Торжественный траур омрачил дворцы Версаля и Марли, где замолк малейший шум. Но самые глубокие огорчения в душе короля вскоре миновали. Прогулки, карты, приемы, охота снова заняли свое обычное место, а этикет наложил на все свой холодный и важный отпечаток.
Однако вскоре стало заметно явление, на которое Эктор сначала не обратил внимание, слишком погруженный в чистосердечность своей скорби: общество вокруг него редело.
Странные взгляды сопровождали его, когда он являлся в приемных Версаля или Марли. Принужденные поклоны отвечали на его вежливость. Можно было сказать, что его сопровождала отравленная атмосфера.
Наконец случай открыл ему глаза. И если ослепление было глубоко, то пробуждение — ужасно.
Однажды утром, возвращаясь со свидания с Кристиной, он встретил в лесу Фуркево в сопровождении Рипарфона и Кок-Эрона.
При виде Эктора Поль едва сдержался от удивления и завернул руку в плащ. Эктор спрыгнул с лошади и взял руки своих друзей.
— Ах! — поспешно вскрикнул Фуркево, отдергивая свою.
— Что еще? — спросил Эктор.
— Ничего, — ответил Поль, поправляя плащ.
Эктор взглянул на Кок-Эрона, в отдалении покручивавшего свои усы.
— Кровь! — вскричал он, видя одежду и руку своего слуги, обрызганные в крови.
— Тьфу! — заметил Кок-Эрон, пряча руку в складках плаща. — Наверно, я оцарапал пальцы о какой-нибудь куст.
— Вы дрались, дрались оба! — вскричал Эктор.
Друзья молчали.
— Дуэль без меня…Я этого вам никогда не прощу, — сказал Эктор.
Рипарфон стоял, потупив глаза и не говоря ни слова.
— Все заставляет меня думать, что тут замешан я. Ваше молчание говорит мне это довольно ясно, — сказал Эктор. — Скажите мне всю правду, прошу вас.
Рипарфон колебался. Но тут вмешался Кок-Эрон. Топнув ногой, он произнес:
— На ваш счет говорили оскорбительные вещи в присутствии мсье де Фуркево, и мсье Фуркево дрался за вас.
— Вот большое дело, — прибавил Поль, видимо, раздосадованный словами Кок-Эрона, — вы бы то же сделали на моем месте.
— Не в этом дело, — ответил Эктор, — и я не стану благодарить вас, боясь обидеть. Мы — три старых товарища и отвечаем друг за друга.
— Разумеется, и к чему столько слов из-за небольшого удара шпагой, — сказал Поль, старавшийся предотвратить дальнейший разговор.
— Но мне кажется, я имею право спросить, — продолжал Эктор, — какое оскорбление нанесено моему имени.
— Оно смыто кровью…Этого достаточно, — произнес Рипарфон.

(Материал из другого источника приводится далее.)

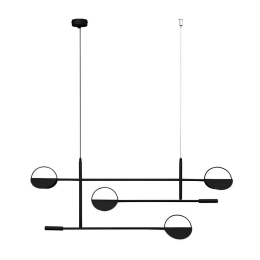 Φωτιστικό Οροφής - Ράγα 01348 G9 110x40cm Black Luma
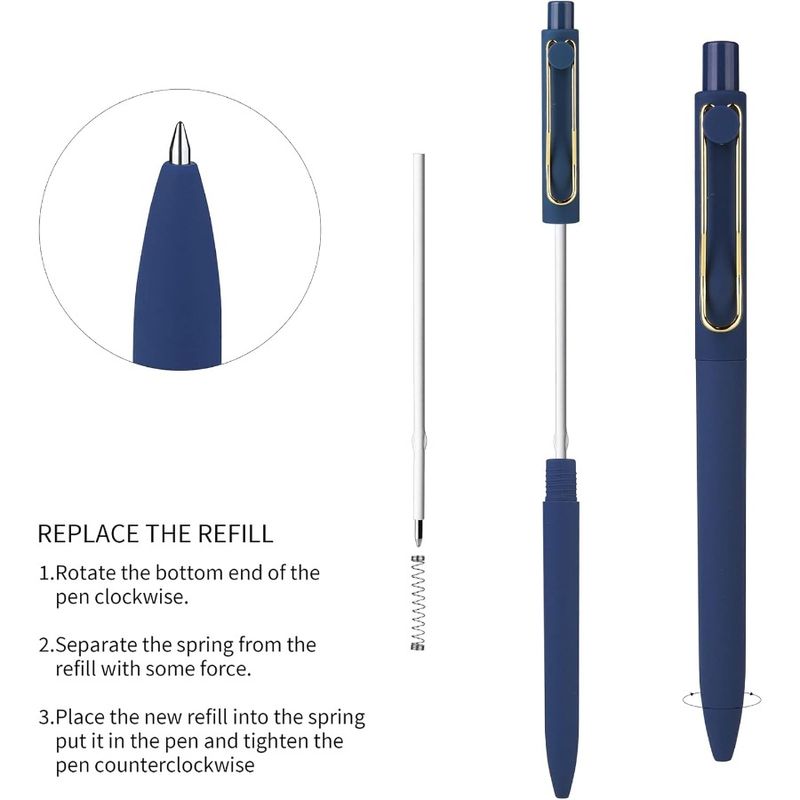 Writing Pens Fine Point Smooth Personalized Ballpoint Pens Bulk Flair Teacher Pens Black Ink 1.0 Mm Journaling Pen Aesthetic Gi_voghion.com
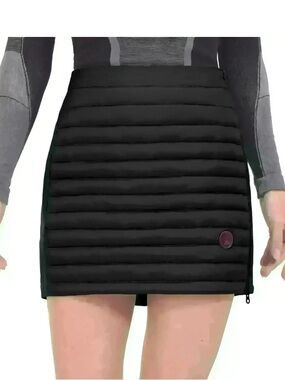 Little Donkey Andy Black Quilted Puffer Sport Puffer Mini Skirt; Size XS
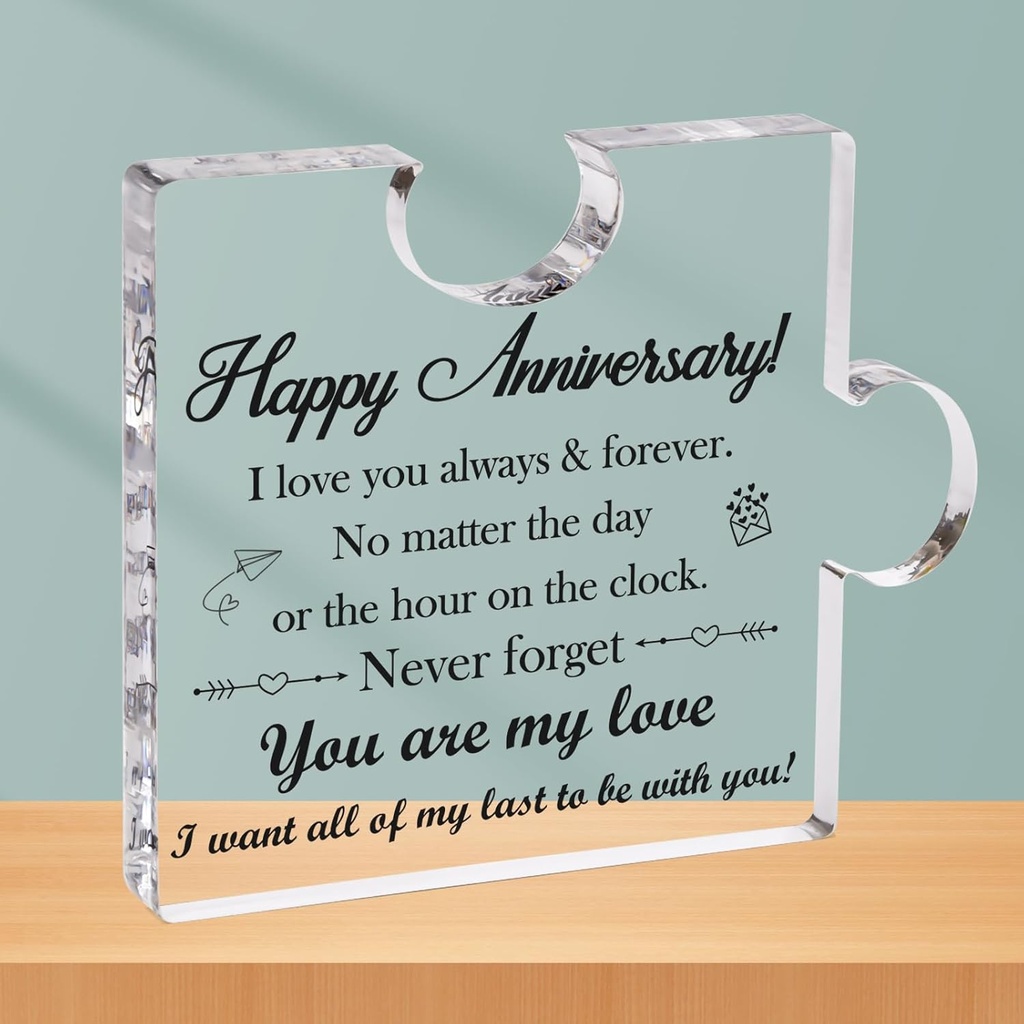 Auction Lot - 49 x Brand New Anniversary Wedding Gifts, Puzzle-Shaped Acrylic Plaque Wedding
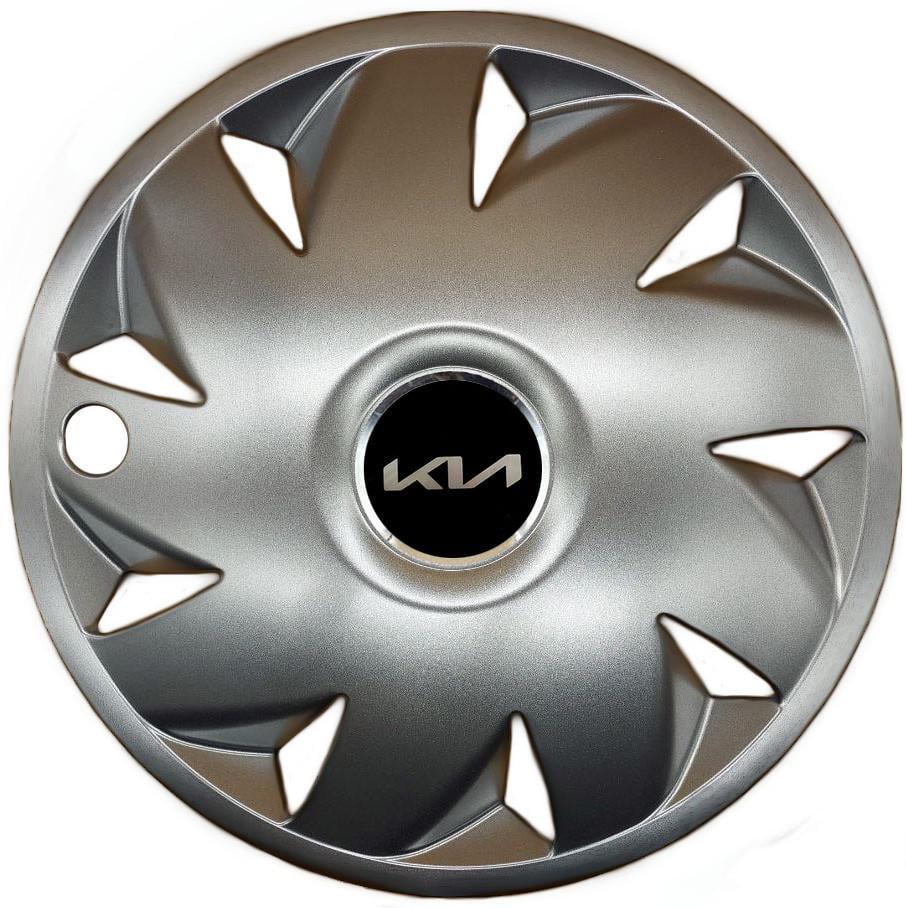 Колпаки SJS 210 с логотипом Kia NEW 4 шт. R14 Серебряный (2789080859)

— Нет же, недостаточно! — вскричал Кок-Эрон. — О! Вы можете хмурить брови и сердиться сколько вам угодно…Я скажу всю правду, и ничто мне не помешает…Вы родственник маркиза, моего господина…Ваша воля молчать насчет дела, касающегося чести маркиза, но я поклялся служить маркизу повсюду, и я расскажу.
По поведению Кок-Эрона было видно, что никто не может удержать его. Рипарфон это понял.
— Говори, если тебе это нравится, — сказал он, — но не здесь, по крайней мере.
— Вы правы, герцог, — холодно отвечал Кок-Эрон, — я подожду.
Приехали кареты, за которыми посылали, и все молча отправились в Париж.
— Ну, наконец, — сказал Эктор, когда они вошли в комнату графа, — вы расскажете мне все, я надеюсь!
— Откровенно признаться, вам нечему радоваться, — ответил Поль.
— Стало быть. то, что вы мне скажете, — ужасно?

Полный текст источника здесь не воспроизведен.